A conveyor system may be used in conjunction with a deflector conduit to
transport material from a feed hopper to the entrance of the conduit, and
the conveyor may include dividers which define individual compartments to
divide the material feed stream into individual discrete portions.
A combustible conduit may be used in conjunction with a deflector conduit
to direct material from a conveyor or a feed hopper into the entrance of
the deflector conduit. The combustible conduit increases the separation
between the processing apparatus and the feed hopper and combusts and
disintegrates if flames propagate back into the combustible conduit.
Other objects, features, and characteristics of the present invention will
become apparent upon consideration of the following description and the
appended claims with reference to the accompanying drawings, all of which
form a part of the specification, and wherein like reference numerals
designate corresponding parts in the various figures.
BRIEF DESCRIPTION OF THE DRAWINGS
FIG. 1 is a schematic view, partially and cross-section, of a material
transporting and processing system incorporating a materials direction and
isolating mechanism according to the present invention;
FIG. 2 is a side elevation of a deflector conduit for use in directing and
isolating a material feed stream in accordance with the principles of the
present invention;
FIG. 3 is a cross-section in the direction III--III in FIG. 2;
FIG. 4 is a cross-section in the direction IV--IV in FIG. 2; and
FIG. 5 is a cross-section of a deflector conduit mounted to a material
processing apparatus showing the manner in which the funnel mechanically
isolates upstream portions of the feed stream from a propagating flame.

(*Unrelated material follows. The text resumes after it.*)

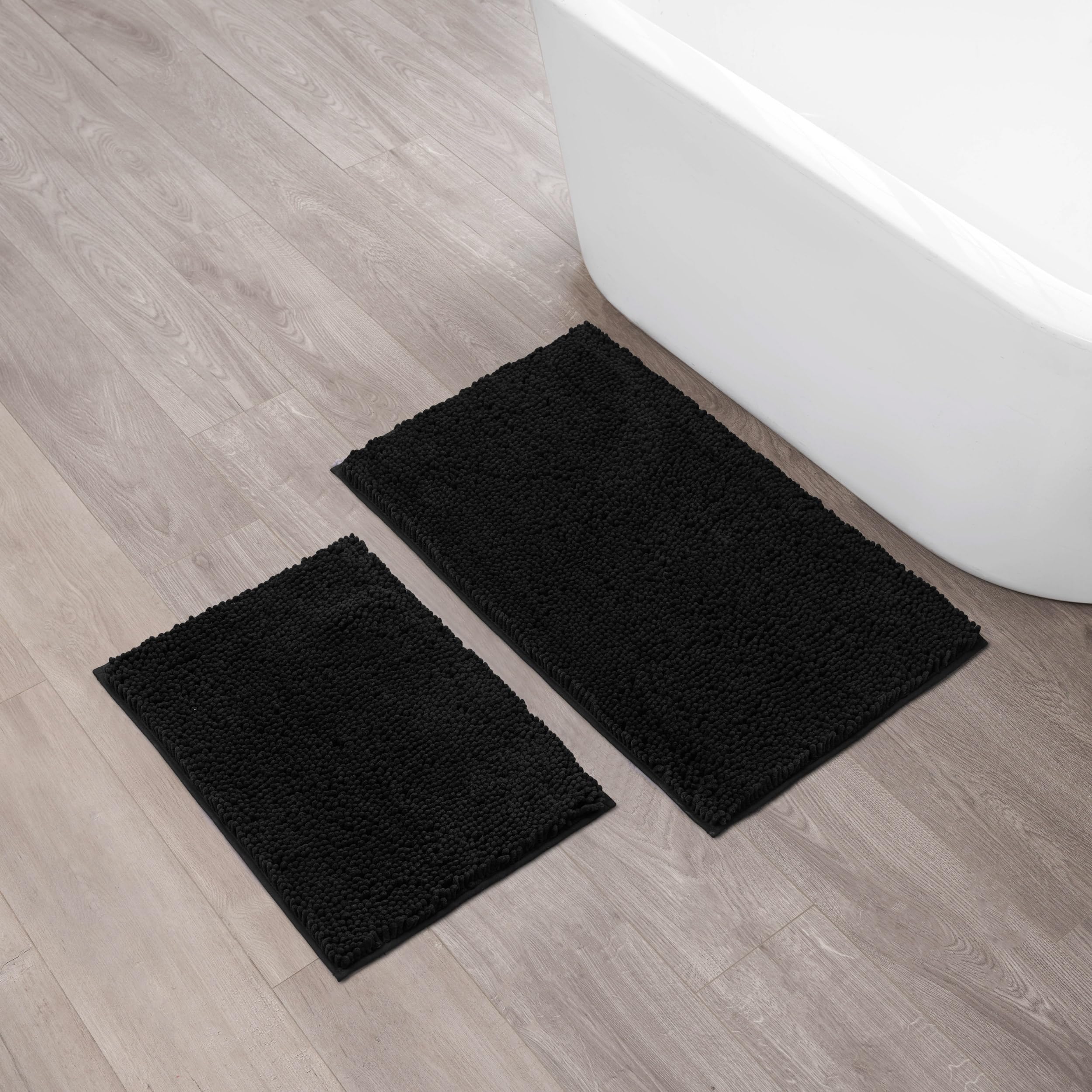 Resort-Kollektion Creative Home Ideas Plüsch-Badezimmerteppiche, Chenille, 2-teiliges Set, rutschfeste Unterseite und maschinenwaschbar, schwarz, 43,2 x 61 cm und 53,3 x 86,4 cm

DETAILED DESCRIPTION OF THE PREFERRED EMBODIMENT
FIG. 1 shows a mechanism for mechanically isolating an energetic material
feed stream, designated generally by reference 20, disposed between a
material processing apparatus in the form of a screw extruder 100 and a
bulk material hopper 120. Although only a single hopper 120 is shown in
FIG. 1, the mechanism 20 may be employed to isolate a processing
apparatus, such as extruder 100, from more than one hopper, where more
than one hopper is used to feed materials into the processing apparatus,
such as where the processing apparatus is used to mix different materials.
The hopper (or hoppers) 120 contains a bulk supply of energetic material
130 and may include a discharge spout 122. Discharge of material 130 from
the hopper 120 may be controlled by a discharge spout door or a feed screw
(not shown). The screw extruder 100 may include a cylindrical tube 102
closed at one end and defining a cylindrical bore 110 therein. A helical
screw 104 is operatively disposed within the bore 110, and an entrance
opening 108 communicates with the bore 110 and is surrounded by a mounting
flange 106.
Both the hopper 120 and the screw extruder 100 are conventional and form no
part of the invention, but the isolating mechanism 20 of the present
invention is typically used in conjunction with devices such as these.

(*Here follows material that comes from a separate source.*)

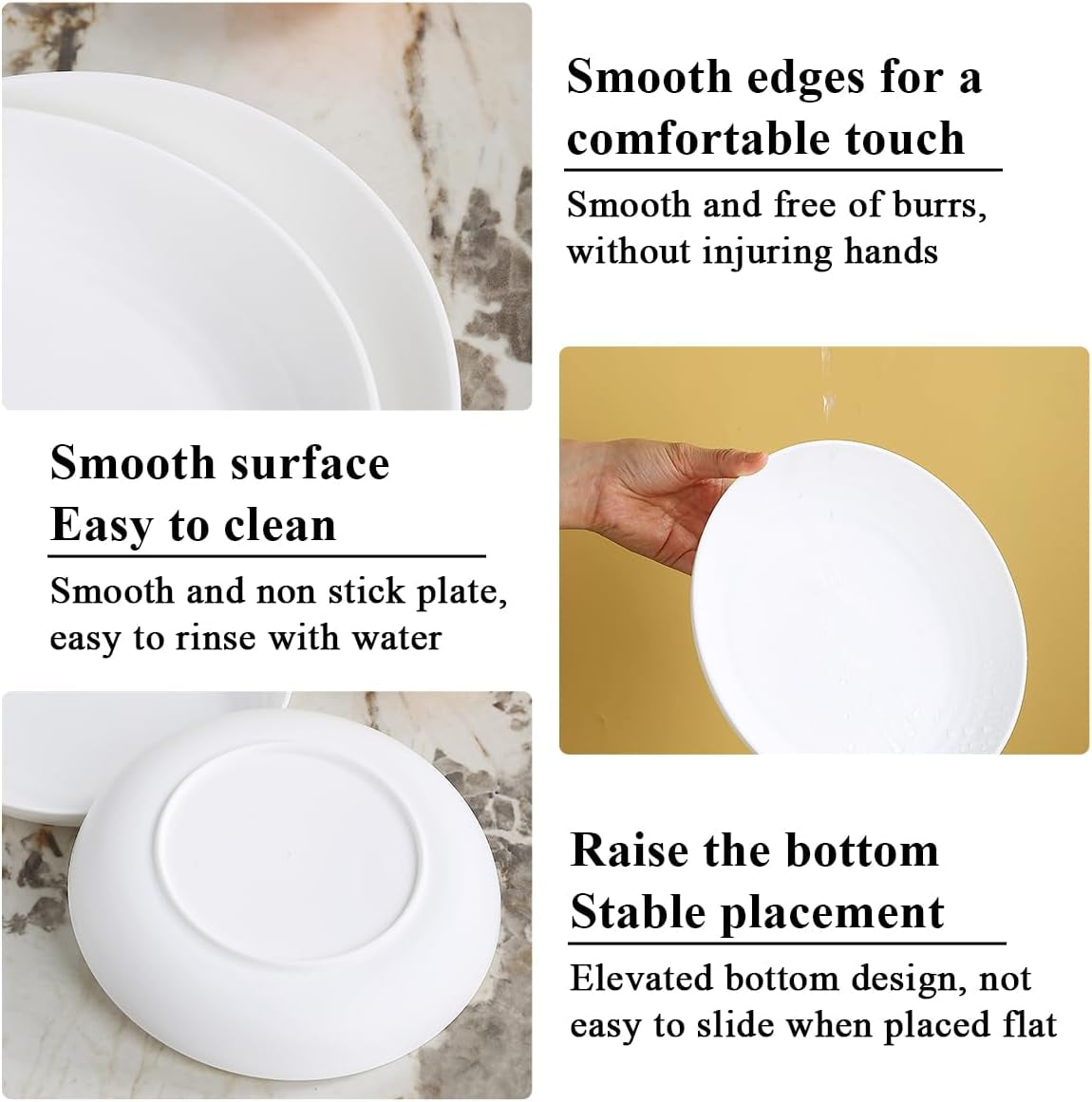 Set of 12 Durable 9-Inch White Plastic Plates - Reusable Unbreakable Dinnerware for Home, Kids, and Outdoor Activities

Other types of material processing apparatuses with which the isolating
mechanism of the present invention may be used include slurry reactors,
material mixers, granulators, centrifuges, grinders, sieves, ovens, and
roll mills.
The isolating mechanism 20 includes a structure for deflecting flames and
inhibiting their propagation, such as a deflector conduit, generally
indicated at 30 and, optionally, a conveyor 80. A combustible conduit 70
is preferably provided above the deflector conduit 30 and a funnel 72 is
preferably provided to direct material into the combustible conduit 70. If
more than one bulk material hopper is employed, each hopper may have a
dedicated conveyor 80 and/or combustible conduit 70 for transferring
material from the hopper into the deflector conduit 30.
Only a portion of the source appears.